CEO of the Greater Vancouver Food Bank Society Cheryl Carline said rising food prices will “impact us in a big way,” adding the foods most affected are staples.
“It’s difficult because the factors that are affecting prices are, to a large degree, external to the country as a whole, and there’s not a lot we can do about it.”
Sustained increases in the cost of food commodities are also expected to trickle down every aisle of the grocery store by year’s end, according to analysts.
BMO Capital Markets economist Kenrick Jordan said there’s always a lag between higher commodity prices and consumer food prices, so shoppers should expect a five- to seven-per-cent jump in consumer food prices.
“We’re concerned as a business and we’re concerned as consumers,” said Frank Deacon, general manager at Stong’s Market, an independent grocery store in Vancouver.
He said the rise in prices for corn and wheat, caused by the drought in China, and in meat and deli products is worrying and noted “produce is completely affected by the rising oil prices, especially at this time of year when everything is coming from the U.S. and Mexico.”
He said as an independent, Stong’s buyers can price out new suppliers weekly to look for the lowest wholesale price to try to keep prices low but there are some hikes it can’t avoid, like the five per cent minimum increase for Weston’s bakery products announced last week.
“(Baked goods) is not something we can shop around for,” he said.
Deacon said customers can expect increases in the cereal and pasta aisles generally and for certain produce items because of the recent cold snap on the Pacific Coast.
Rising fuel prices and uncertainty in oil-producing countries like Libya are only compounding the situation, said David Wilkes with the Retail Council of Canada. Canada’s highly competitive grocery sector can only shield food shoppers from higher prices for so long, he added.
According to GasBuddy.com, the average price of unleaded gas in Vancouver Saturday was 129.9, up from 126.4 last week, 120.5 one month ago and 114 last year at this time.

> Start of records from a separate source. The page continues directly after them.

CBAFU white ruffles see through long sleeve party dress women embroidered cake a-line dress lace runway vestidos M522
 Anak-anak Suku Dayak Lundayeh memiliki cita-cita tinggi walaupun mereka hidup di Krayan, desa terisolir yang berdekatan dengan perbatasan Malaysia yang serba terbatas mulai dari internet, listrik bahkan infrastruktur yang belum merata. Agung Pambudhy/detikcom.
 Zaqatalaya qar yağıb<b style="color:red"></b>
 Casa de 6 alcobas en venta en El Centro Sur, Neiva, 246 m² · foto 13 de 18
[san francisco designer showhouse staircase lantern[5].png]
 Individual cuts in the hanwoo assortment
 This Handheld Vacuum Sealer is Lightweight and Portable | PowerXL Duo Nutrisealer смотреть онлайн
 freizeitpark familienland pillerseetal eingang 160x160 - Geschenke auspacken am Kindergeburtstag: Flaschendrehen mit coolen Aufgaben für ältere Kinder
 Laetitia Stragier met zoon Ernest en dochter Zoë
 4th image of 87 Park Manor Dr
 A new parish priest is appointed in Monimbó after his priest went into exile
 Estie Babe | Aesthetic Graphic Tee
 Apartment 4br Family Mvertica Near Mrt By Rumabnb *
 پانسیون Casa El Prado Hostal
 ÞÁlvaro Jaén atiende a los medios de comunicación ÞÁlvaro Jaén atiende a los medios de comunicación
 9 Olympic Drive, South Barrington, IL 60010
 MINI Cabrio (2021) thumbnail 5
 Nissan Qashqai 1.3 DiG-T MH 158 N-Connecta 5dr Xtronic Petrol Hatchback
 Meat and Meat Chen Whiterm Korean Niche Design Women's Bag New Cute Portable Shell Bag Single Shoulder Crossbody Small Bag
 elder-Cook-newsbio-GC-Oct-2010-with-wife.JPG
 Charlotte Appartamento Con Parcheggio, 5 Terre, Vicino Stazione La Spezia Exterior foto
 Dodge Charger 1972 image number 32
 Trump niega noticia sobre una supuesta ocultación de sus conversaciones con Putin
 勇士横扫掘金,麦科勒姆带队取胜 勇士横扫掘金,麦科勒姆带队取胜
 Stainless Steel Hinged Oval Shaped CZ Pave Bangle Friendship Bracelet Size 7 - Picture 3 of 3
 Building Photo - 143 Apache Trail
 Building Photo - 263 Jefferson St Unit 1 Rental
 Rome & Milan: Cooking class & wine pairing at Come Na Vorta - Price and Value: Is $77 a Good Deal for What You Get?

For their part, Canada’s major grocers — including Loblaw, Sobeys, Metro Inc. and Walmart Canada — declined to comment on possible price hikes.
Their response comes after the Weston foods division of George Weston Inc. announced the company is increasing the price of its bun and bread products by an average of five per cent, beginning next month. This means retail grocers will have to pay the baked good giants more for products sold under brands such as Harvest Country bread, Wonder Bread, Weston and D’Italiano — and decide whether to pass on the difference to shoppers.
Local restaurateurs have been dealing with steadily-rising food prices for months.
Contacted recently about the cost of tomatoes due to a cold snap in Mexico, co-owner of Vera’s Burger Shack Gerald Tritt said weather always plays a role in produce availability, “but there doesn’t seem to be an end to the rising of food prices in general.”
Tritt blamed natural disasters, political instability in wheat-producing nations and the use of corn for fuel.
“It’s typical to experience some shortages, but I think people need to get ready for a major jolt in the economy of food,” he told The Province.